PRC banned exporting Bytedance algo. By that logic, no US companies are independent private companies due to US export controls. And TBH both points are true.

>Grindr

Grindr was foreign company acquired by PRC, and sale was reversed by CFIUS. Selling an acquired foreign company is geo/politically different than having your domestic company nationalized/appropriated by another. Which is quite literally a strike against Chinese people. Even PRC has never forced a US company from divesting US ownership, because that's a retarded tier of "hostility" only US hubris can imagine. And it's particularly retarded tier analysis from Noahpinion who thinks Chinese people won't view divestment requirement a PRC company as hostile against Chinese entrepreners, who are Chinese people.

  • > PRC banned exporting Bytedance algo. By that logic, no US companies are independent private companies due to US export controls. And TBH both points are true.

    Chinese state control over private companies is far more pervasive, and less bound by rule-of-law, than that of the U.S. Export controls are not even the H2O molecule at the tip of the iceberg.

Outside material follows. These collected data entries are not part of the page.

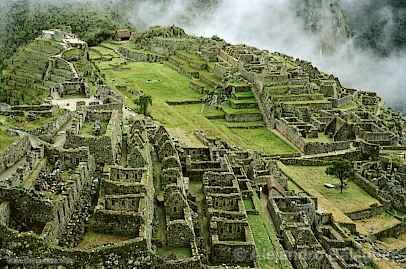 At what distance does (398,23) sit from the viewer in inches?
5728

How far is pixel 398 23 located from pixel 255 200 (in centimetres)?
11992

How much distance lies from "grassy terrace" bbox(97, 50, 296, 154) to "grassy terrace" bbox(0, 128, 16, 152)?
20.3 meters

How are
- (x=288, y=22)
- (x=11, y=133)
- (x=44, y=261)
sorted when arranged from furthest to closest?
(x=288, y=22) → (x=11, y=133) → (x=44, y=261)

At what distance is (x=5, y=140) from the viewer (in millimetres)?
26312

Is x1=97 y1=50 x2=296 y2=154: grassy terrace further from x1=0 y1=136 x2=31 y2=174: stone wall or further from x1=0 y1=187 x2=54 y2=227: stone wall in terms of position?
x1=0 y1=187 x2=54 y2=227: stone wall

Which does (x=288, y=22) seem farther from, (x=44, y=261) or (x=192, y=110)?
(x=44, y=261)

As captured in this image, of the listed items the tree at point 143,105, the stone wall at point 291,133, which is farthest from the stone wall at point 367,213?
the tree at point 143,105

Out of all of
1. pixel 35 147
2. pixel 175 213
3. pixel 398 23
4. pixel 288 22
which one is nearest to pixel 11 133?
pixel 35 147

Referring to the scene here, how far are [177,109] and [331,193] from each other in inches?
901

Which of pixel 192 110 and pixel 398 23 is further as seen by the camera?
pixel 398 23

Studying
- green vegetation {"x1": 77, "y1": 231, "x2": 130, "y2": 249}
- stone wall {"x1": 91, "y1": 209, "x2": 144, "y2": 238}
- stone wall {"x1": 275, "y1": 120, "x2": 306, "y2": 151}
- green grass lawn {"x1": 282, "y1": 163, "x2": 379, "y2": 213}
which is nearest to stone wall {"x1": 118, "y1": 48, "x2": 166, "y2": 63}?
stone wall {"x1": 275, "y1": 120, "x2": 306, "y2": 151}

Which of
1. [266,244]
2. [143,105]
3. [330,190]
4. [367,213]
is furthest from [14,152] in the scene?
[143,105]

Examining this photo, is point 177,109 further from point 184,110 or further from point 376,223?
point 376,223

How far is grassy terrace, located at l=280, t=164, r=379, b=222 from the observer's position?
142 feet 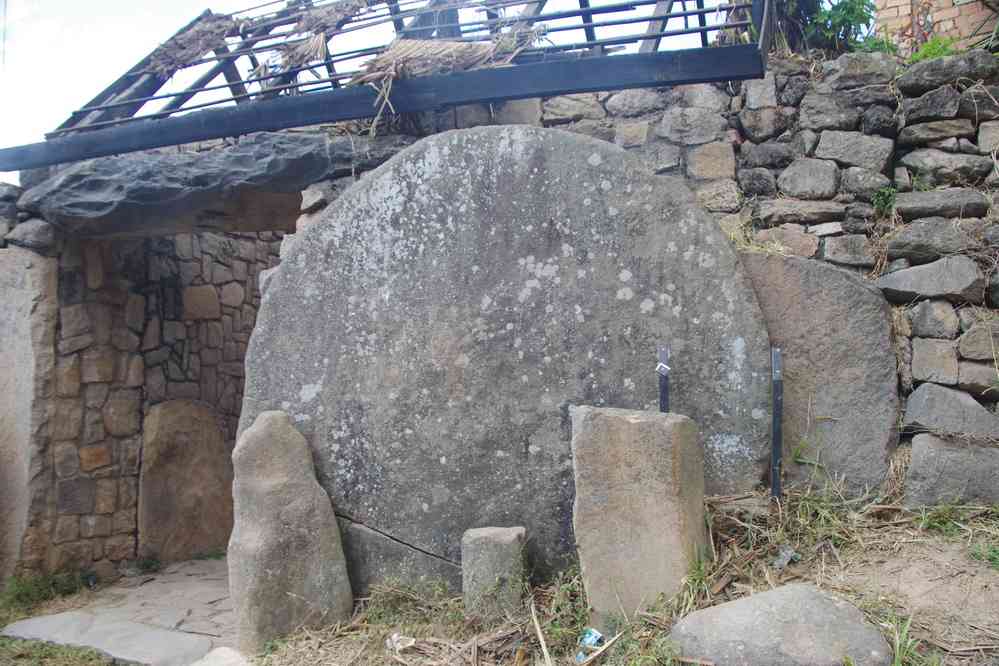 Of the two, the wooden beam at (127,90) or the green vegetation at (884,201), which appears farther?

    > Even PRC has never forced a US company from divesting US ownership

    Bytedance is not being forced to divest; they can leave the market, just like Google and many others had to leave China.

    • >more pervasive

      US spectrum export controls have been every bit as pervasive as PRC ones, pretending muh "rule of law" is a distinction without difference at this point. It's functionally the same.

      >forced to divest

      If US law is forced divestiture, then Bytedance is "force" to leave, because having US nationalize a PRC company is obviously a nonstarter except for the terminally stupid like noahopinion. Unlike Google + western platforms who "chose" (read: not banned) to leave because they "chose" not to comply with PRC laws that applies to all companies, including domestic PRC ones. The difference is US has no equitable law, i.e. some sort of data privacy law, that enables Bytedance to operate in US... while following the same laws that US companies do, as if Bytedance wasn't already bending backwards following additional requirements that US platforms do not have to follow (i.e. functionally Oracle JV).

      Like fine, Bytedance needs to follow US laws, except US laws is designed specifically to prevent PRC companies from operating, vs PRC laws is designed to allow everyone to operate, just said operation is onerous - see retarded reciprocal argument that US companies should operate in PRC without abiding by PRC censorship laws that domestic platforms has to abide by. There's a reason FB and Google had internal programs to re-enter PRC market compliant with PRC laws (before being axed by internal dissent), because it's still feasble for US platforms to operate in PRC while being US (or at least JV) owned. So let's not pretend what US is doing is the same thing - PRC is more rule of law, US rule by law in this comparison. But again, functionally that hardly matters.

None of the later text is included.